February 26, 2009 · Leave a Comment

This episode’s audio file may be found at http://www.utahhumanities.org/BeehiveArchive.htm
© 2008 Utah Humanities Council

The Story:

In 1873, President Ulysses S. Grant formally authorized the creation of a permanent US Army garrison near Beaver named Fort Cameron.  Built to protect white settlers from the perceived threat of Indian attacks, the fort was laid out in a rectangular shape with walls enclosing barracks, a hospital, parade grounds, a bakery, and stables, with the local mountains supplying the black lava rock for the buildings and exterior walls.  Once the fort was finished, however, the soldiers stationed there had little to keep them occupied, besides guarding John D. Lee who had been jailed at the fort for a brief time in advance of his trial for participating in the Mountain Meadows Massacre.  The soldiers and the mostly Mormon townspeople didn’t always get along, but relations between the two groups were relatively warm until the post closed in 1883 when the arrival of the railroad made it obsolete.  More than a decade later, the LDS Church, which had purchased the property from the federal government, turned the fort into a southern branch of the Brigham Young Academy.

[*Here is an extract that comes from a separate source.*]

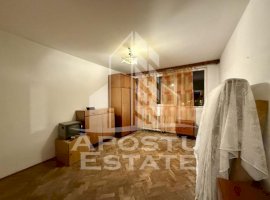 Apartament 2 camere decomandat, etaj 3,  lift, zona Olimpia - Stadion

Equally important on Utah’s military frontier was Fort Thornburgh, which was first established in 1881 near present-day Ouray and then moved to the mouth of Ashley Creek, near present-day Vernal, less than a year later.  Following what some have called the Meeker Massacre, where Ute Indians killed a handful of whites near Colorado’s White River Indian Agency, the Uncompahgre and White River Utes were forced to trek from their lands in Colorado to Utah’s Uintah Basin.  Believing that an army installation would be needed to keep the Utes quiet, the Secretary of War ordered the creation of Fort Thornburgh.  When the fort was finished a detachment of thirty men was left to garrison the fort.  When Congress wouldn’t approve new funds to improve the fort, it was abandoned and superseded by Fort Duchesne as the symbol of American military might in the Uintah Basin.

Sources: 

See Thomas G. Alexander and Leonard K. Arrington, “The Utah Military Frontier, 1872-1912: Forts Cameron, Thornburgh, and Duchesne,” Utah Historical Quarterly 32 (Fall 1964): 330-354.  Also see Linda Bonar’s and David Schirer’s respective entries on Forts Cameron and Thornburgh in the online Utah History Encyclopedia at http://www.media.utah.edu/UHE/.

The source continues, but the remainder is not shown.